Restate word for word the section of the entries that opens at the line containing "My 1978 Kawasaki" and closes at the line containing "TOG24 Womens Green Parka Coat Size 16 Zip", both lines kept, pictures dropped.

Dataset content:
BEGIN

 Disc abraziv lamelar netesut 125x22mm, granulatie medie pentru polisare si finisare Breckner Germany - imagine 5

END
BEGIN

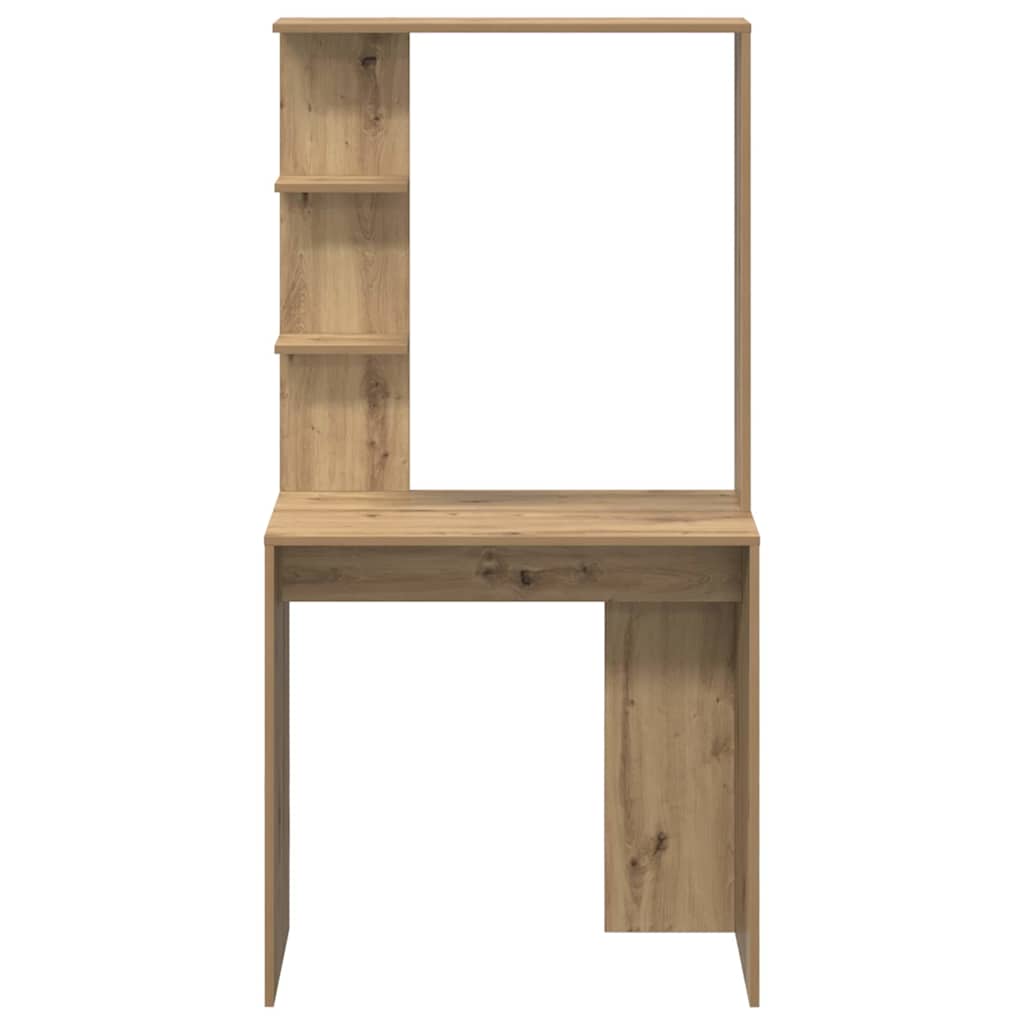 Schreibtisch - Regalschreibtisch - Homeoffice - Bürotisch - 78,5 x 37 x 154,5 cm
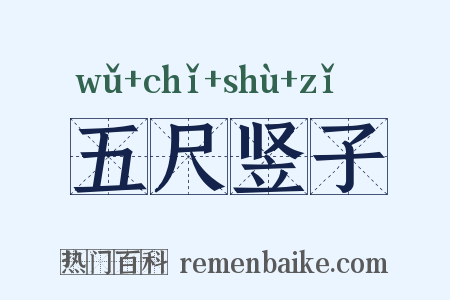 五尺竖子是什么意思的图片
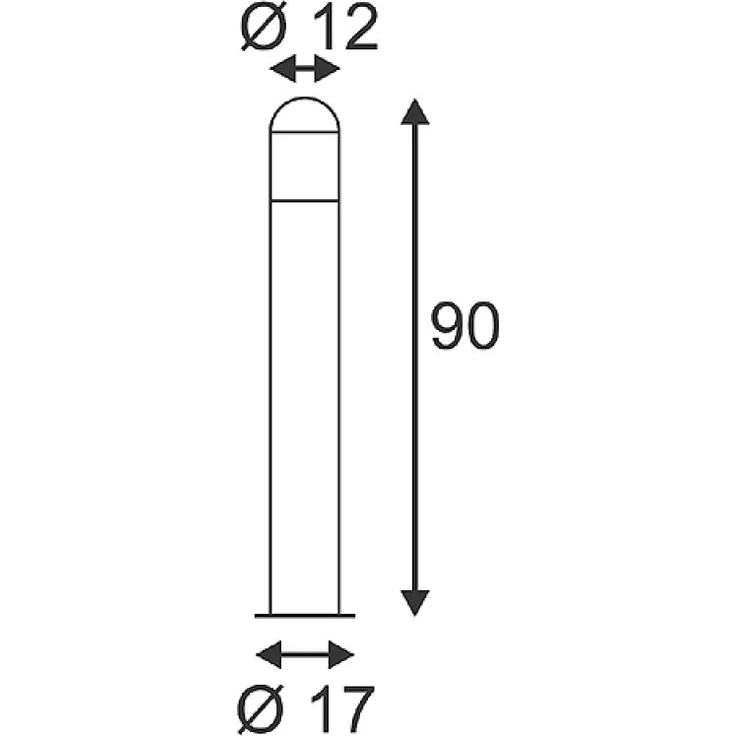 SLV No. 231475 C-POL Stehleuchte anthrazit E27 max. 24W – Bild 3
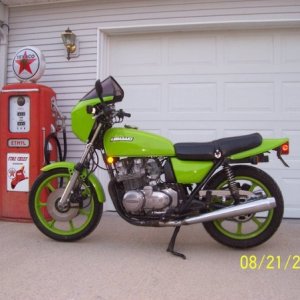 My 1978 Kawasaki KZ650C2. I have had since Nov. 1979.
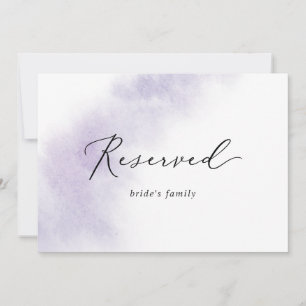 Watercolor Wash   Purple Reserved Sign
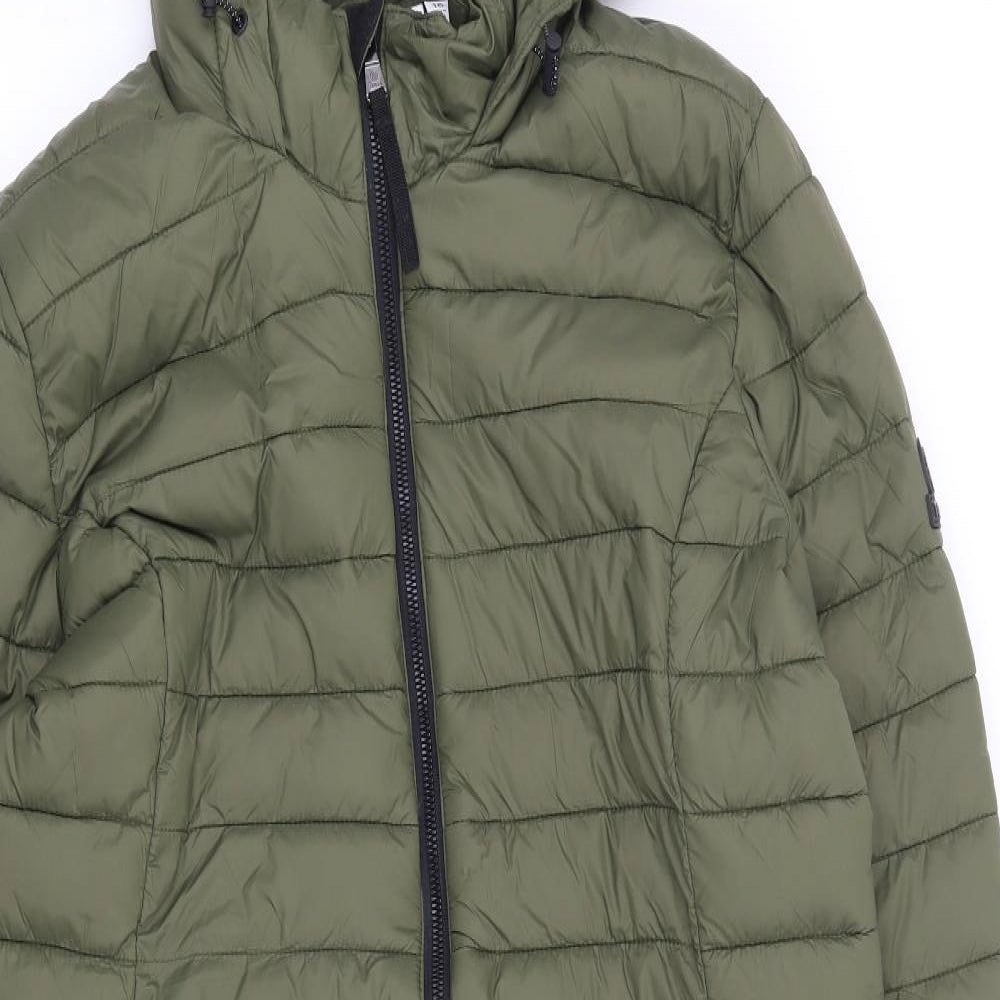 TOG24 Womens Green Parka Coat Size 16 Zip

END

Finished task:
 My 1978 Kawasaki KZ650C2. I have had since Nov. 1979.
 Watercolor Wash   Purple Reserved Sign
 TOG24 Womens Green Parka Coat Size 16 Zip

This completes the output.